When it comes to being a Sooner fan, though, civil rights go wide right of the goal post.

Late last week, a carpentry contractor sued Oklahoma State's head football coach, Mike Gundy, for wrongful termination or breach of contract or something along those lines. He claims the OSU coach owes him $30,000 for lost wages because he turned down other jobs due to the promise of an $80,000 rennovation at the Gundy castle.

Putting aside that the contract was strictly verbal (anyone who has seen Jerry McGuire can attest that even word as strong as oak is worthless when it comes to agreements), Coach Gundy should not owe the guy anything. The carpenter earned his termination when he wore crimson and cream garb on sacred ground.

Since the guy was a Sooner fan and on some level all Sooner fans take some relish in the guy pissing off Gundy, Sooner Nation has mostly been "outraged" by the treatment this contractor received. "It's only a t-shirt," I've been told, and the guy says he dressed in the dark. You know, I have dressed in the dark before, too, since Mrs. Matthews is not a morning person, and a few times I've ended up wearing a navy shirt with black pants. When I worked at Kerr-McGee, though, I never accidently wore the Conoco-Philips polo I got when they recruited me. The reason? I knew my employers wouldn't laugh it off as a funny misunderstanding or accept my offer to wear the shirt inside out the rest of the day.

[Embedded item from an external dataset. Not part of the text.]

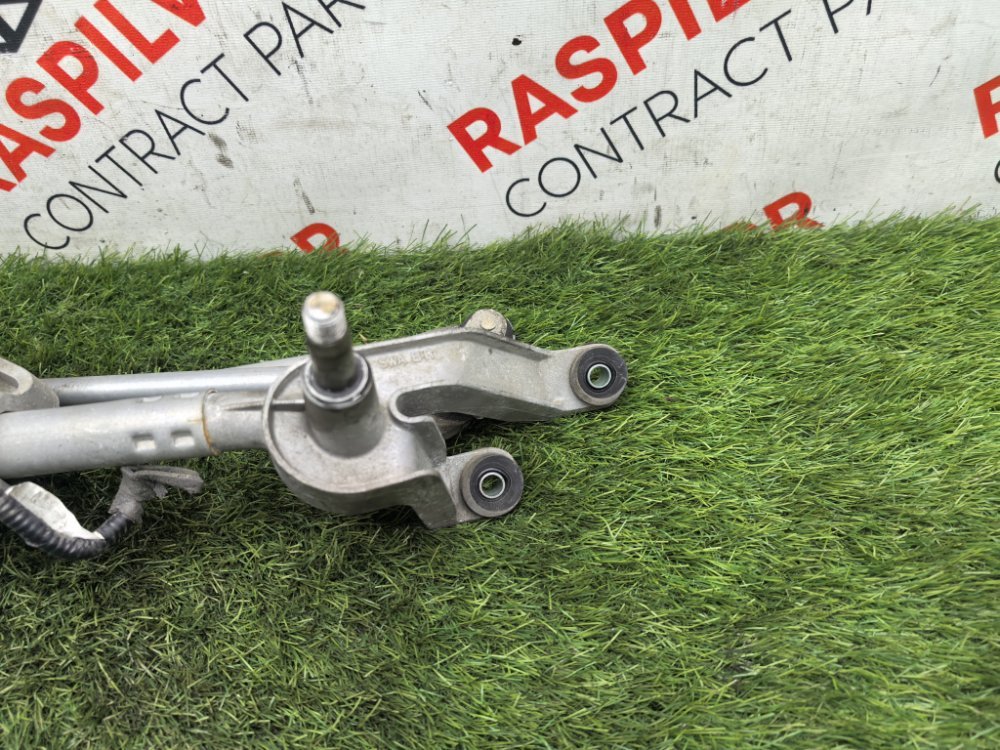 Трапеция дворников, 1500 рублей, Красноярск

As for it being "just a t-shirt," that is never the case when you talk about rivalry. The way I picture it, the guy woke up that morning knowing he had to head to Stillwater. He loved the Sooners enough to at some point buy a Sooner baseball shirt...and seriously, who follows Sooner baseball that didn't go to school there? Unless the guy got into carpentry after receiving his degree from the College of Blue Collar Studies, that tells me a lot about how big of a Sooner fan the guy was. So, anway, my assumption is that he hates OSU, but likes the idea of getting a bunch of money. He puts on the OU shirt to shield himself from the orange aura in Stillwater. I jump to this conclusion because I do the same doggamn thing (in reverse) whenever I have to go to Norman. At minimum, he believes it will shield him from the taunts his Sooner-fan buddies will give him about being the servant for a guy they always make fun of while referring to the OU football team as "we." "Yeah, I took his money, but I did it while repping our boys."

So, sure, I make a lot of nasty assumptions about a person I've never met based on my style choice of orange colored glasses...and I'm just an alum scarred by mean spirited taunts from Sooner bastards. Imagine if I were the most visible, highest paid employee of the University who also happened to be an alumnus that handed the ball off to Barry Freaking Sanders. Take my super-paranoid thoughts and turn the dial to eleven. He has had to deal with being easily recognizable and being the primary Cowboy that OU fans want to harangue. Coach Gundy probably imagined the dude infiltrated his house as a poorly disguised spy and was going to poke around in the home office for playbooks when Gundy left to run practice.

Then, when it was all over, he was going to have to cut the disrespectful employee a big check. No...it was worth the frivilous lawsuit to send the guy packing.